Stormzy brings diversity and unparalleled intensity to his Olympia Theatre gig
"Your mam is a MILF!"
So shouts a gang of scrappy semi-shirtless 14-year-olds at a mam and her mortified son in the balcony. Said gaggle of youngsters then proceeds to hijack comedian David McSavage's selfie from the pit.
Yeah - things get off to a positively weird start at the opening night of Stormzy's 'Gang Signs and Prayer' tour. Odd social interactions aside, it's unbelievably tense in the Olympia Theatre as the crowd waits for the biggest thing to happen to grime since Barry Scott.

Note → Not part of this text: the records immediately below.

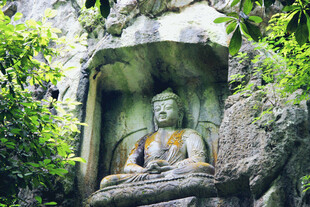山林中的古老佛像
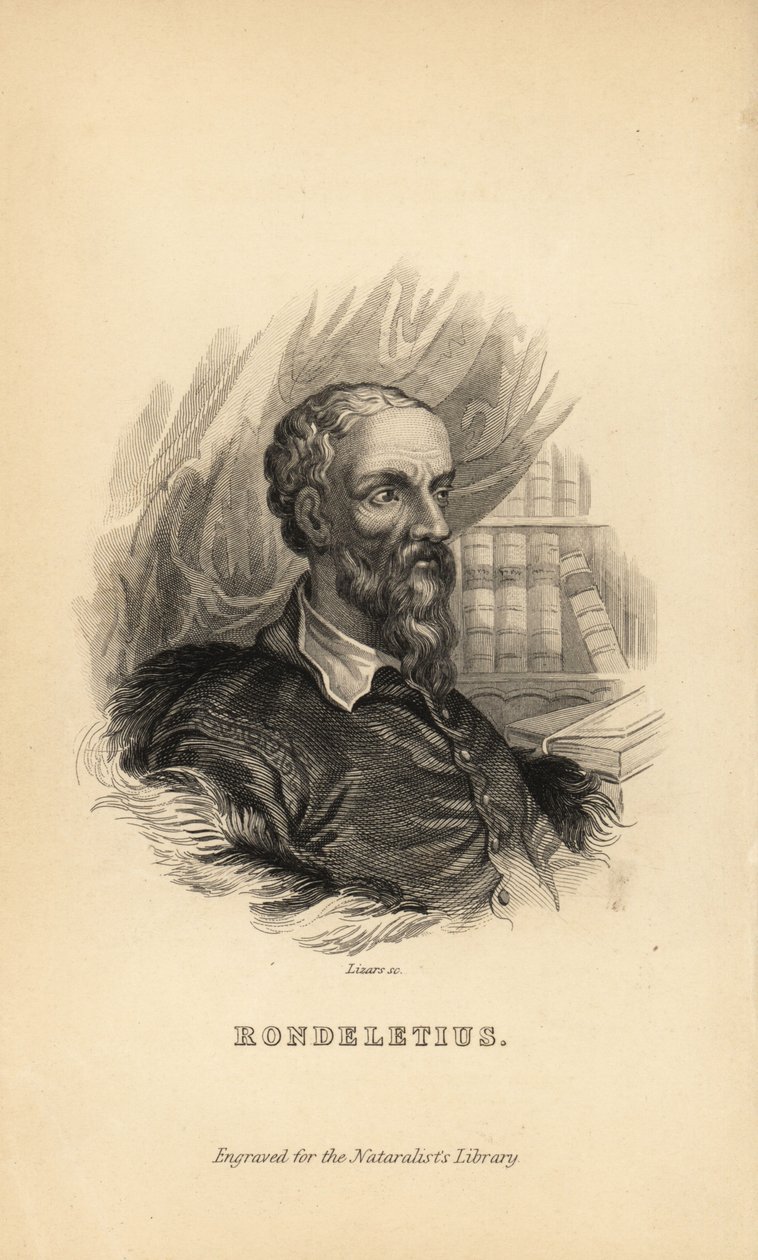 Guillaume Rondelet, Professor of Medicine at the University of Montpellier, France, Naturalist and Botanist, 1507-1566 by Unknown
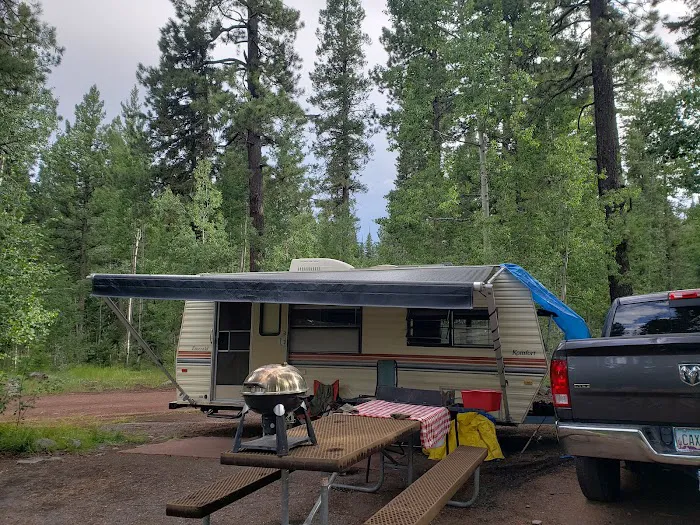 Grayling Campground Picture 5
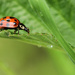 Ladybug by bybri
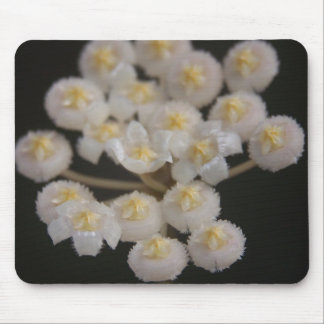 Hoya lacunosa Mousepad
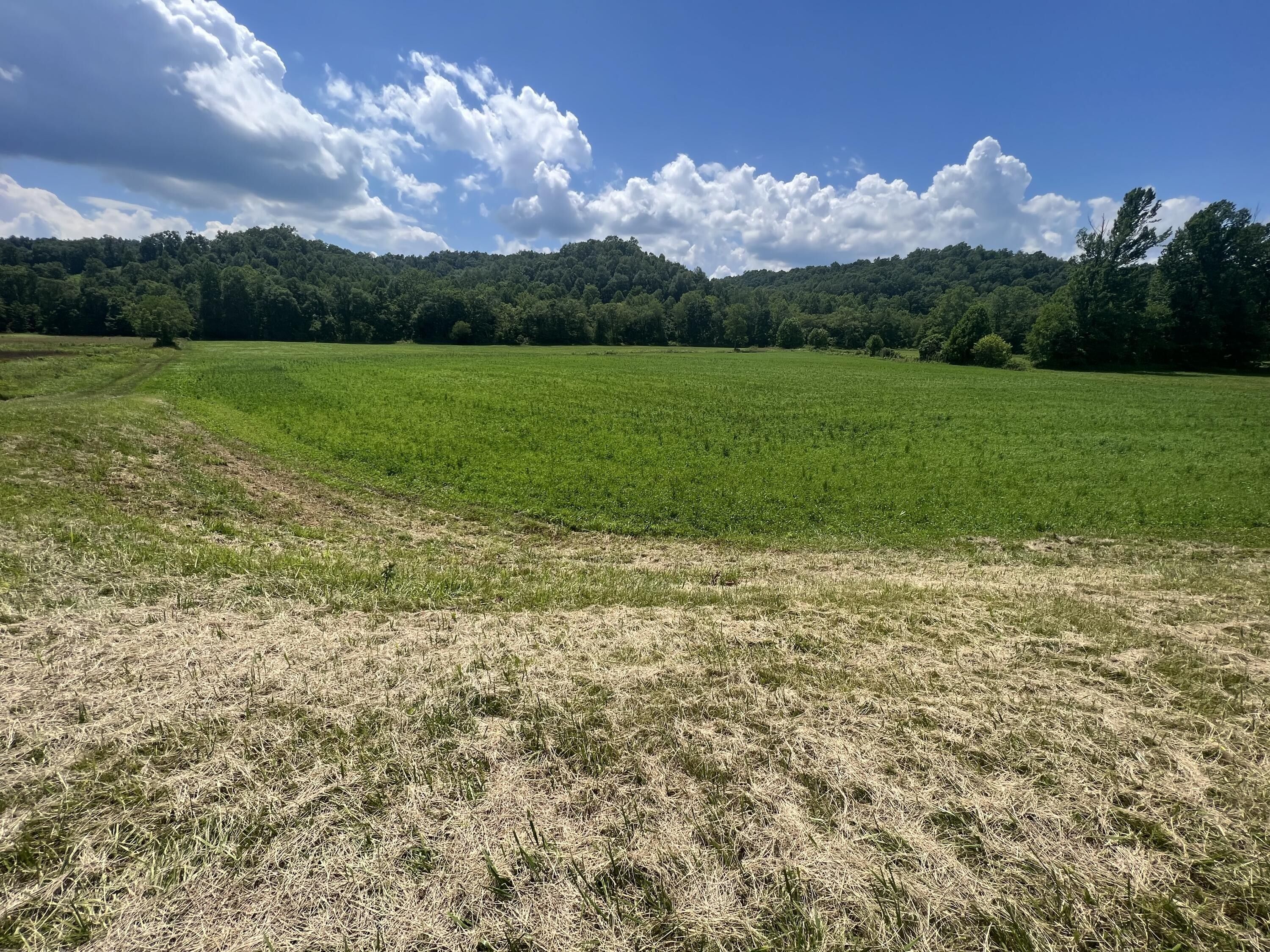 Hazel Green, Wolfe County, KY Farms and Ranches for sale Property ID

He’s been making videos on his YouTube channel since 2011 but it wasn’t until he started sharing his Wicked Skengman freestyles that he begun attracting much wider attention and plaudits.
As if his cult following wasn't enough, Stormzy is about to fully ride the wave of his debut album's success. Critically acclaimed for its lyricism and the wide spectrum of styles presented, he's grown beyond the simple title of MC or hypeman - he's an artist.
It's only fair then that he opens with First Things First - a decisive sweep on the crowd in which the 23-year-old Londoner asserts his position as the boss. Cold follows - another cocky call out to his detractors and naysayers. Towards the end he loses some composure, tripping over his words and laughing, but Cold is the only song where he'd get away with doing so.
Initially, it appears Skengman is going to struggle with maintaining a consistent pace across the set - after all, his body of work is composed of as much gospel music as grime. Thankfully, any uncertainties are dashed. His ambition and his self-assurance is pretty remarkable.
"I was told I should just do an hour and ten of straight grime," he said. "That doesn't represent my album."
"I really need to perform this to testify [...] This is my testimony," before his performance of Velvet / Jenny Francis.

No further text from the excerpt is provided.